Member of the Georgian Parliament
- Incumbent
- Assumed office 18 November 2016

Personal details
- Born: Giorgi Benashvili 30 September 1964 (age 61) Tbilisi, Georgian SSR, Soviet Union (now Georgia)
- Party: Georgian Dream

= Gia Benashvili =

Georgian politician

Giorgi (Gia) Benashvili (გია ბენაშვილი, born 30 September 1964) is a Georgian entrepreneur, national security officer and politician who has served as a member of the Parliament of Georgia since 2016. Educated in the former Soviet Union, he worked in the national security sector from 1988, first in the Soviet government of Georgia and then under the independent Republic of Georgia. After leaving the public sector to work as a security consultant for several large companies from 2007, he entered politics in 2016 when he was elected to the Georgian Parliament on the electoral list of the ruling Georgian Dream party.

==Biography==
Guia Benachvili was born on September 30, 1964, in the Georgian Soviet Socialist Republic. He was educated at the Georgian Technical University between 1981 and 1986, specializing in measuring instruments, before graduating in jurisprudence from the Tbilisi Law Institute. After a short stint as an engineer for the Analitkhelsatso company, he joined the Georgian Soviet government's security services in 1988 as an officer of the Security Committee. During this period, he witnessed the break-up of the USSR and the events surrounding Georgian independence, including the April 9 tragedy, when Georgian demonstrators clashed with Soviet troops.

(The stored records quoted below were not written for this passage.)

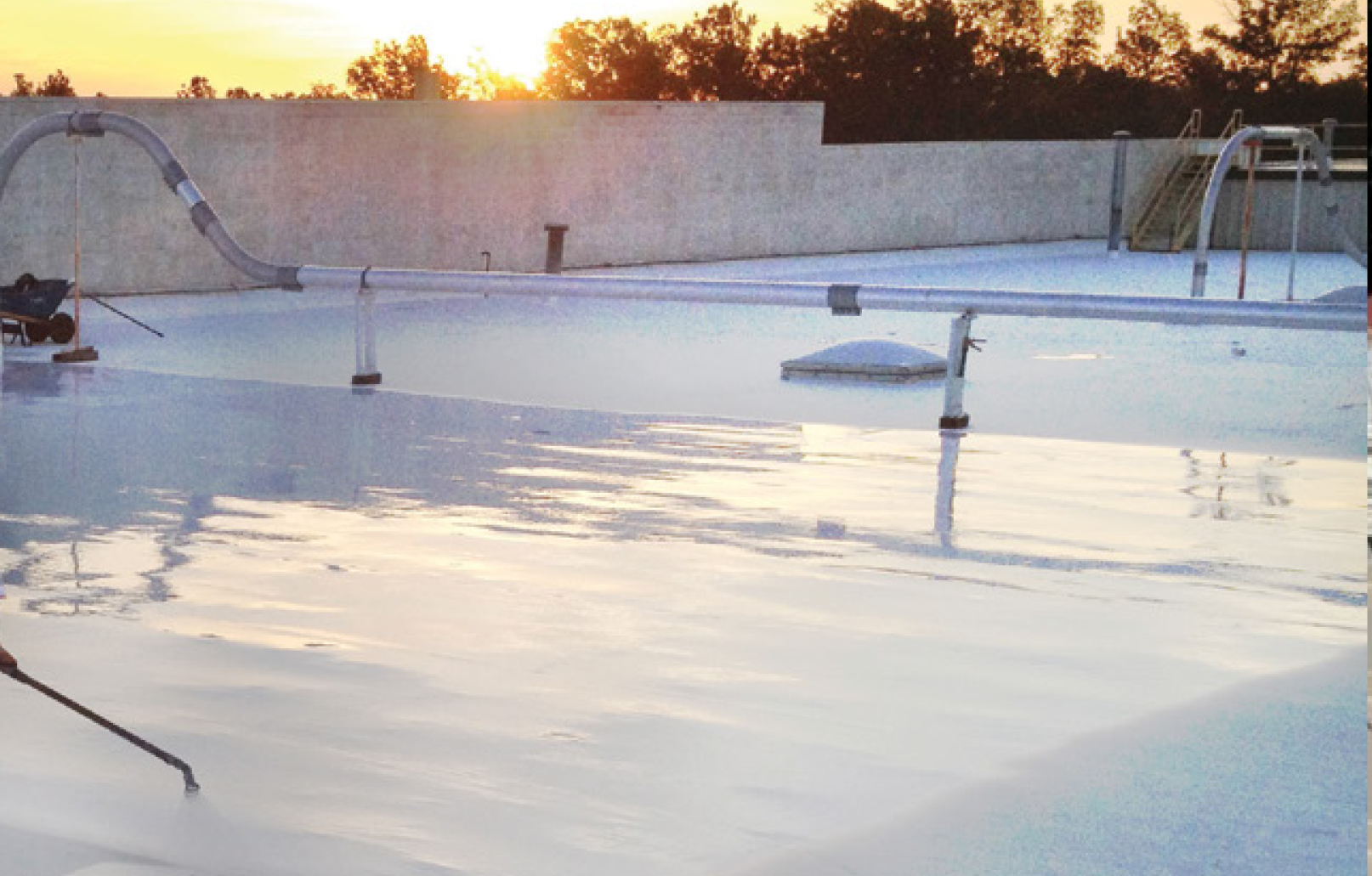 Flat Roof Restorations Gallery img 9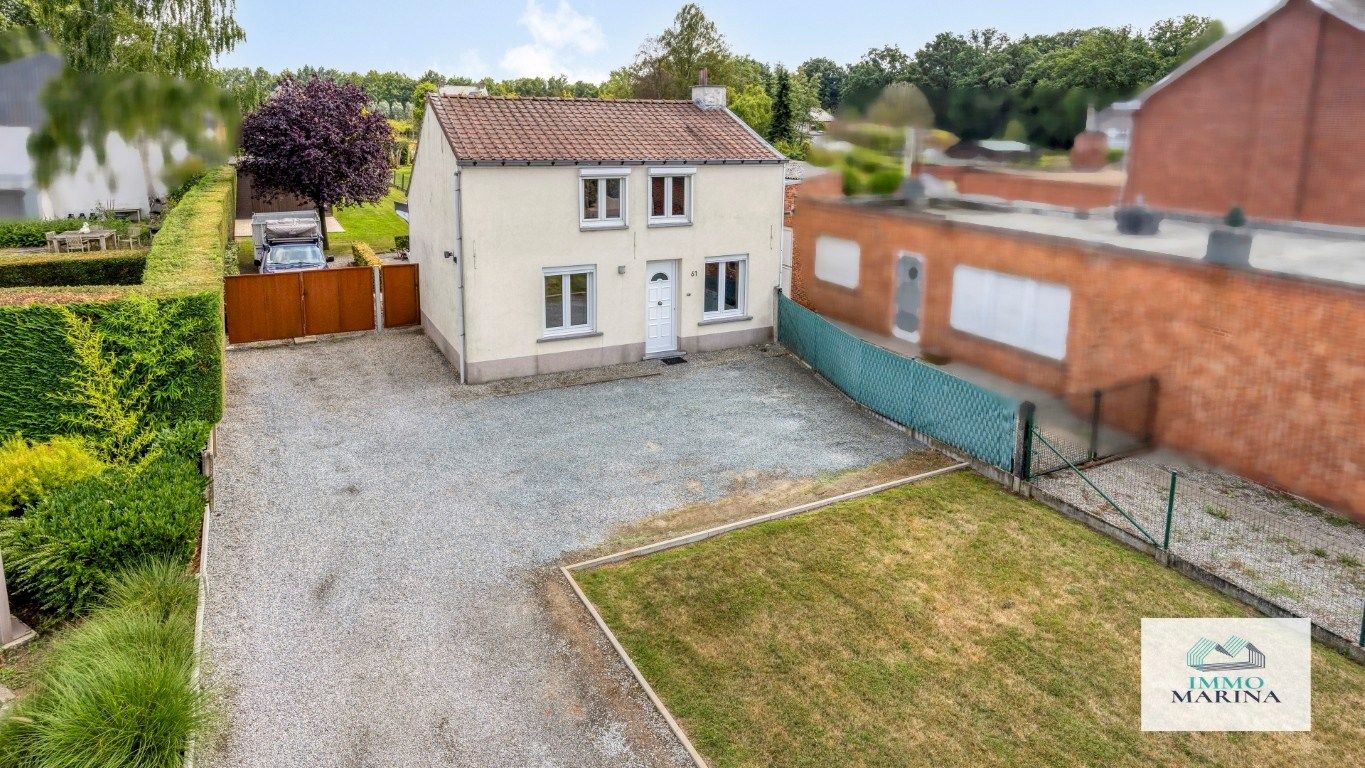 Hoofdfoto van de publicatie: Woning met 2 tot 3 slpks te Itegem.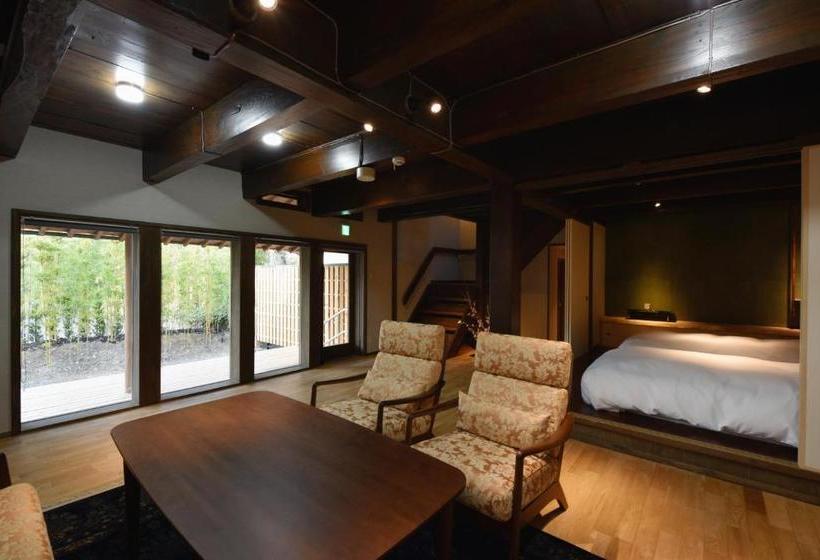 酒店 Ubusuna No Sato Tomimoto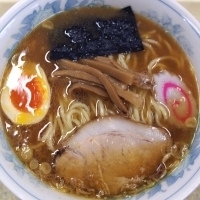 「ラーメン 680円」@大泉大勝軒の写真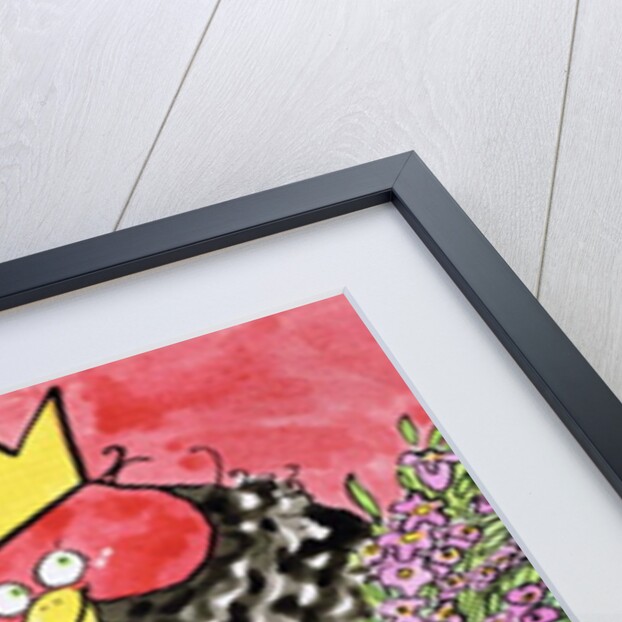 Hen, 1998 by Maylee Christie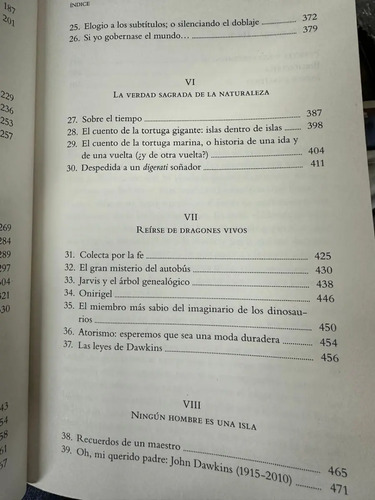 La Ciencia Del Alma Richard Dawkins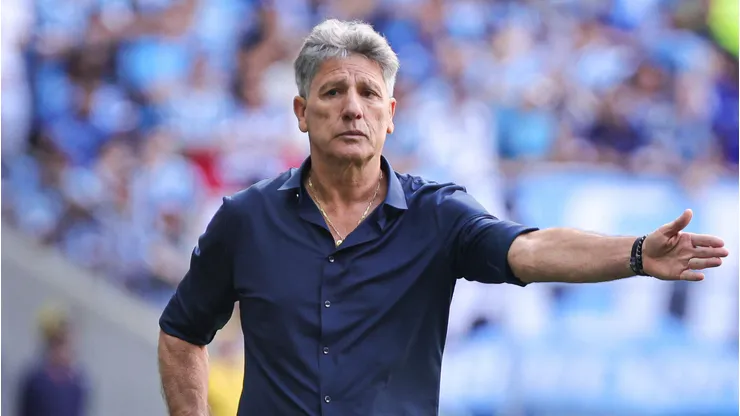 Renato recusa proposta do Vasco.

Following Georgian independence in 1991, he became a senior officer in the Investigation Department of the Ministry of Security under the government of Zviad Gamsakhurdia. He was transferred to the Georgian Intelligence Service in 1992 by the Military Council that overthrew Gamsakhourdia, then joined the Security Service, the domestic counter-intelligence agency, in 1993 under Eduard Shevardnadze. A year later, he became a security officer in the government guard before joining the president's personal security. In 1998, he was promoted to deputy director of the Special State Protection Service. During his time in the secret service, he was awarded the Military Medal of Honor in 1999 and the Order of Vakhtang Gorgassali 3rd Rank in 2001.

With the advent of a new government following the Rose Revolution of November 2003, Benashvili was appointed deputy director of the Customs Department under Minister Vano Merabishvili. Between 2005 and 2007, he worked as Inspector General of the Georgian Ministry of Finance. He then left public service to enter the private sector, becoming head of security for several major energy companies, including Kala-Kapital LLC (2007–2008, a firm owned by future Tbilisi mayor Kakha Kaladze), Kaztransgaz LLC (KTG, 2008-2009 then 2013–2014) and Rompetrol LLC (2009–2013). He also served on the boards of other energy companies, including Kastransgaz-Tbilisi LLC (2014–2016) and Gas Transmission Company, where he was CEO in 2015–2016.

In 2016, he joined the political party in power since 2012, Georgian Dream, where he became director of the Service for Assistance and Monitoring of Information (SASI). Included in the party's electoral list, he was elected as a deputy in the parliamentary elections of October 3, 2016, a position to which he was re-elected on October 31, 2020. In Parliament, he is vice-chairman of the Committee for Defense and Security and, until 2020, a member of the Georgian delegation to the GUAM Parliamentary Assembly. It is in the latter capacity that he calls for greater cooperation between Georgia, Ukraine, Azerbaijan and Moldova in cybersecurity. He is also a member of parliamentary friendship groups with Azerbaijan, Belarus, Cuba, Egypt, Moldova, Turkey, Romania, Ukraine and Kazakhstan.

As a member of parliament, Benachvili co-authored several bills that were approved by Parliament, including a law increasing training requirements for SUS agents (domestic counter-espionage service) and a law increasing penalties for sexual crimes against children under the age of 14.